Sheikhs' Sure Booty: Your Empire At Work

Finally figuring out what anyone here could have told them years ago, US forces in Iraq have earned at least a B-plus in Empire-Building 101 -- not that that's a good thing, but it can salve a sore wound for an indefinite period. The principle is to use local power structures as your surrogates, basically by bribing them. This USA Today story details it well. (Thanks to a Klaus call, we have a link for the original stick-figure anti-insurgent plan offered by a later-killed US soldier here.)

Tribal sheiks . . . have seats on most of the city councils and the provincial council. . . . Many tribes run construction and trucking businesses and benefit from U.S. and Iraqi government reconstruction projects. The contracts with U.S. forces allow sheiks to hand out jobs, and thus maintain power.

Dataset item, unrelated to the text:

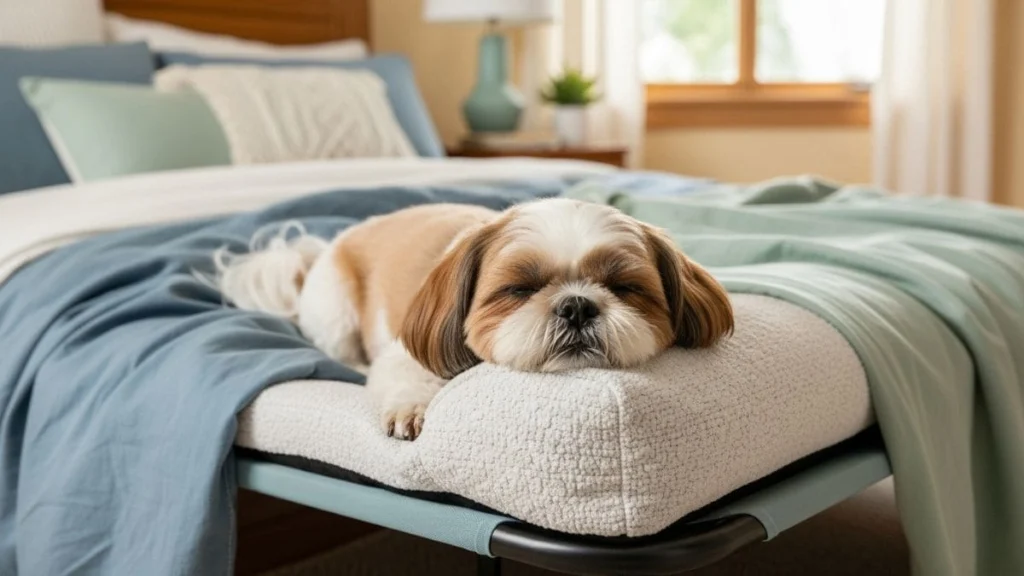 Shih Tzu descansando em cama ortopédica elevada que ajuda a reduzir ronco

Tammany Hall, meet Lord Cromer:

"The sheiks come together and say, 'These are the projects we want to do,' " says Marine Capt. Clark Mitchell, 33, whose infantry company has its headquarters in a dusty compound amid the cultivated fields and date groves outside Fallujah. Contracts generally go to the lowest bidder, but, Mitchell says, "you see a name and say, 'That's sheik so-and-so's brother.' "

From "How The Surge Really Worked" vol. 1.

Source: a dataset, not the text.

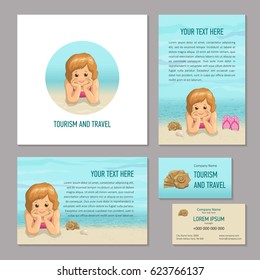 Conceptual beach design, set of corporate style elements for travel company. Smiling girl with slates and seashells against the sky and sea. Brochure, booklet and business card, vector illustration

Marine officers here spend time sipping tea with sheiks and learning about tribal customs, such as embracing and kissing, which vary by clan. They call it "man kissing."

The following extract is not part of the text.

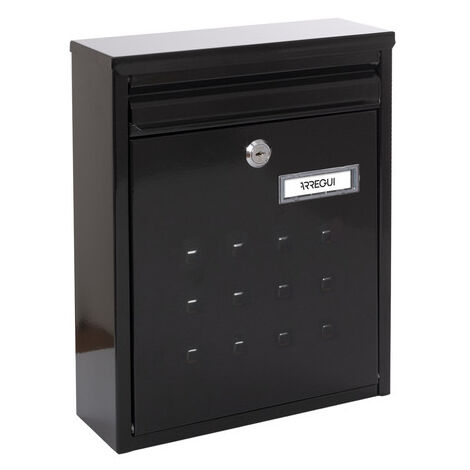ARREGUI Dime V1324 Buzón Exterior de Acero, Tamaño M (Correo DIN A4 y Revistas), Buzón de Correo Individual, Buzón de Pared Mediano, Agrupable, Fondo Estrecho, Fácil de Instalar, Negro (1/4)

And they say there's no place for gays in the military.

Officers carry small booklets detailing relationships among the major sheiks, tribes and clans in their areas. . . . A visit to a tribal leader usually takes hours and involves large amounts of food, including kebabs, piles of rice, yogurt and stacks of flat bread.

Empires may or may not be carnivorous, but they're never ever ever low-carb. Cakewalk, anyone?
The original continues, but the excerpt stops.